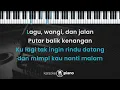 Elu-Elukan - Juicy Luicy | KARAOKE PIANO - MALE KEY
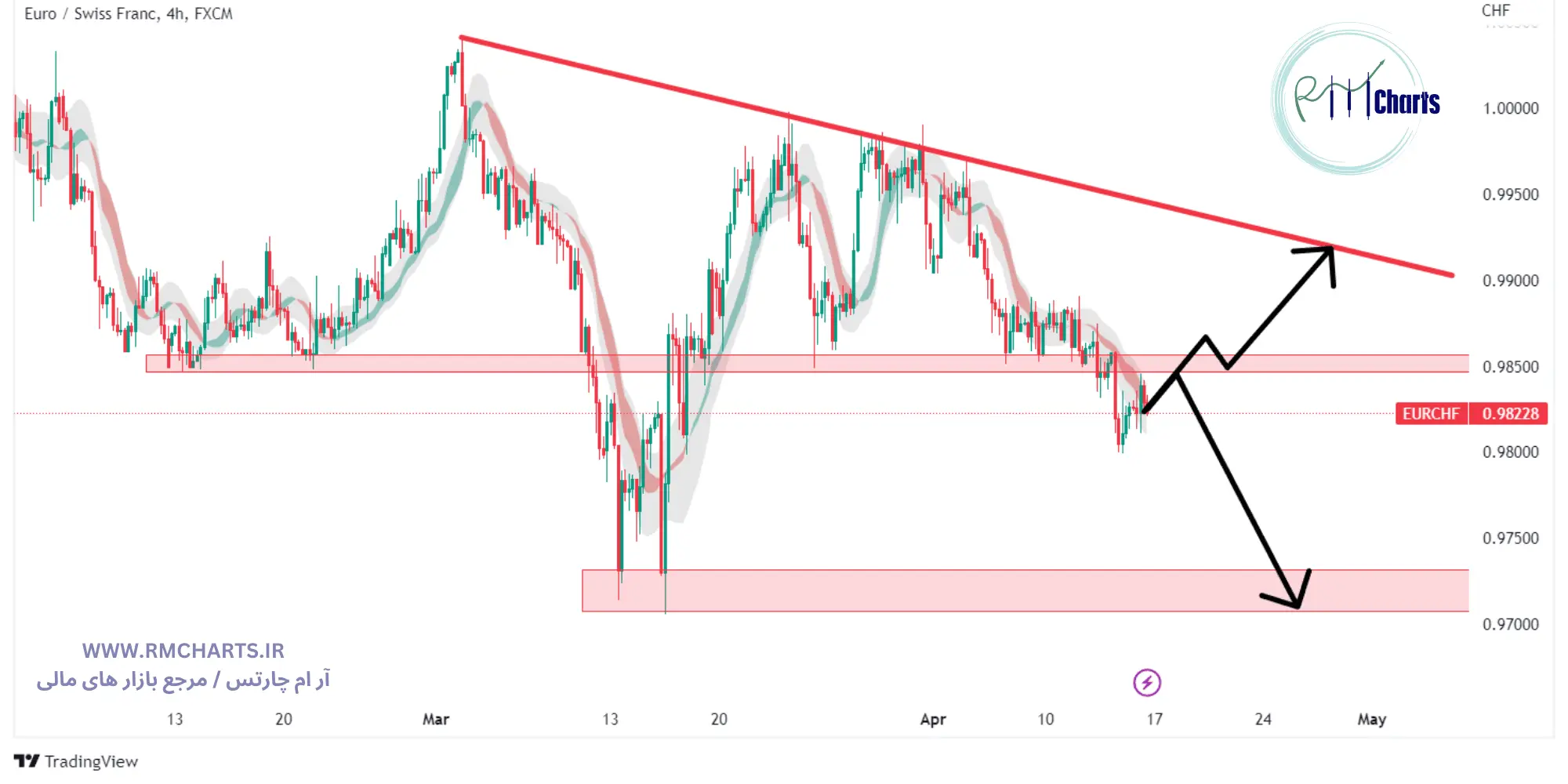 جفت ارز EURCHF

:::::

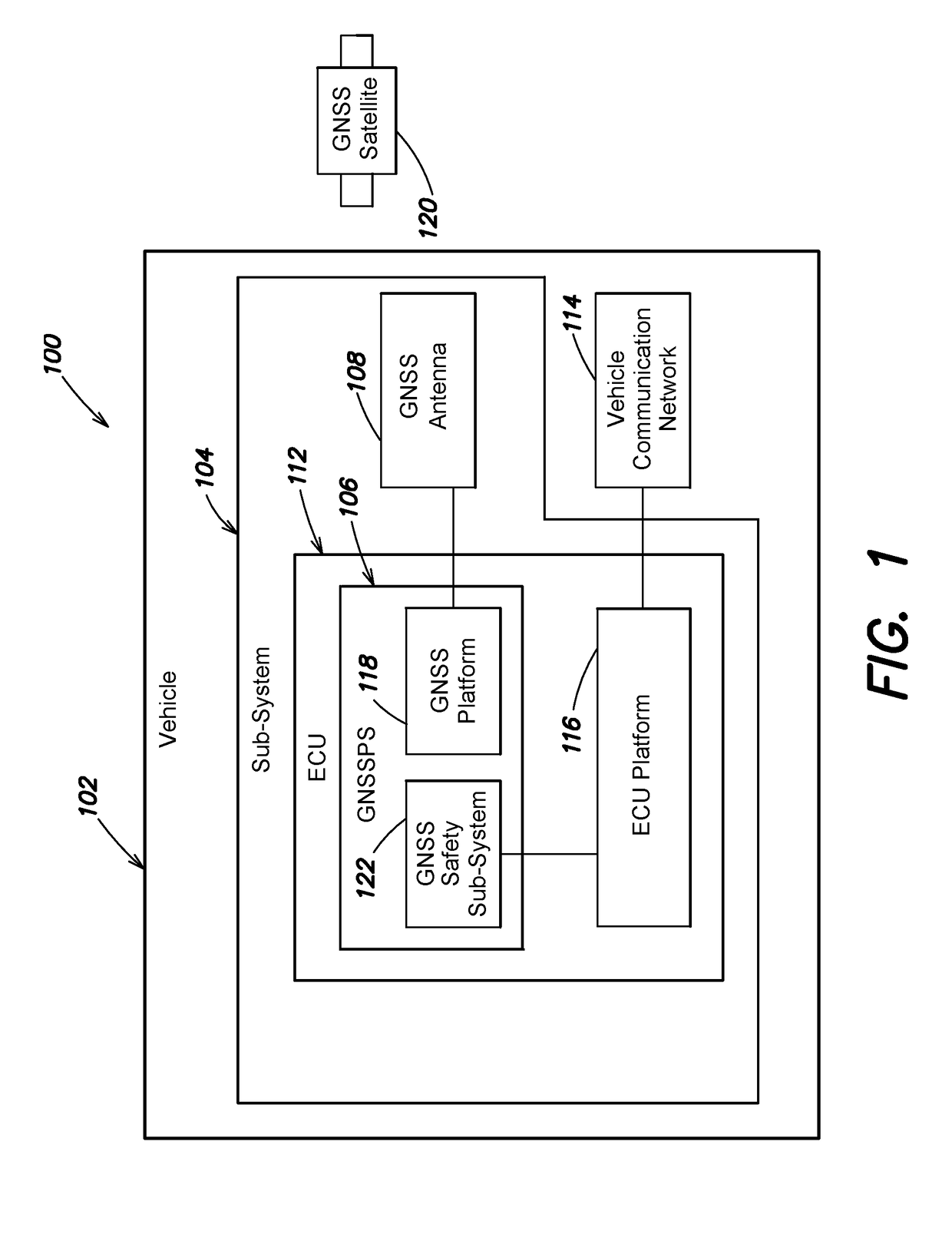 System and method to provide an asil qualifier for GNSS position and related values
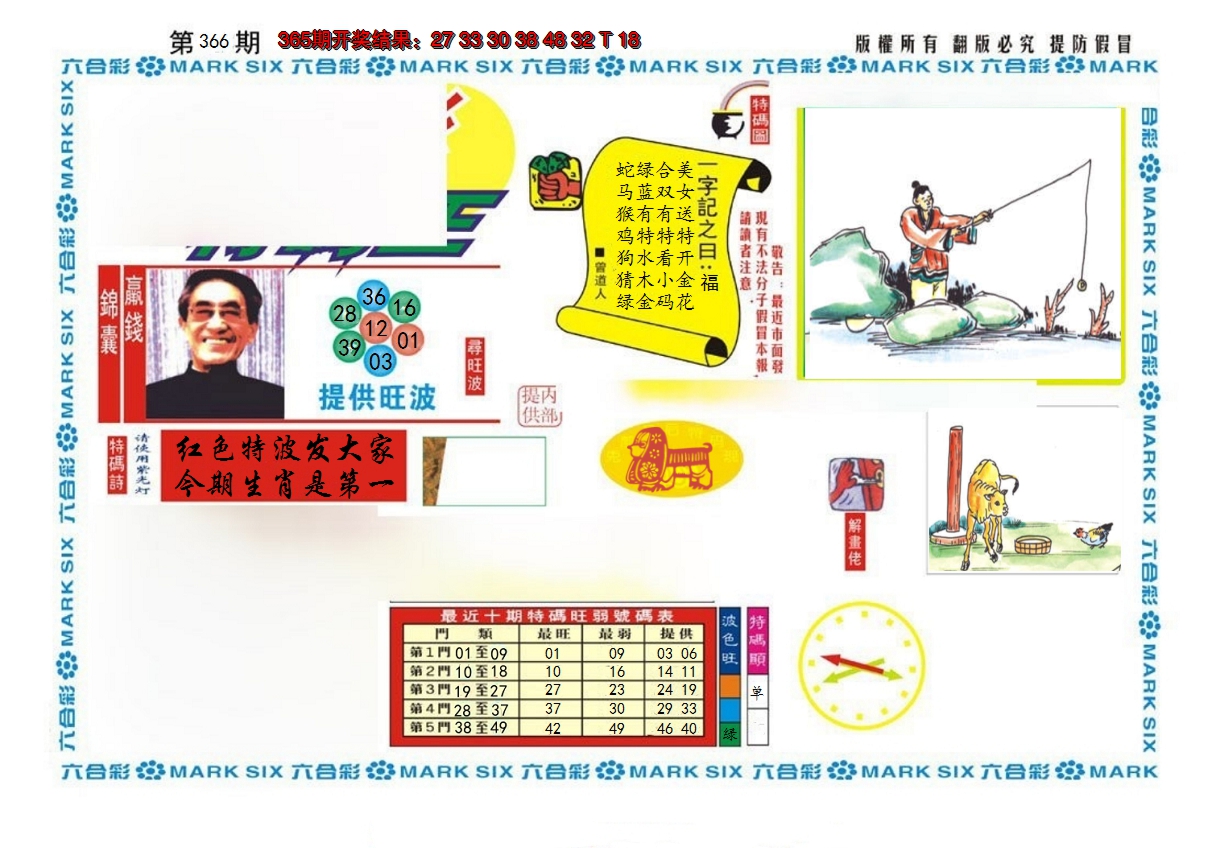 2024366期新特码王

:::::

Task to complete: Your answer is the exact run of lines above from the one with "Elu-Elukan - Juicy" through the one with "جفت ارز EURCHF", both ends included, minus any picture.

Output:
 Elu-Elukan - Juicy Luicy | KARAOKE PIANO - MALE KEY
 جفت ارز EURCHF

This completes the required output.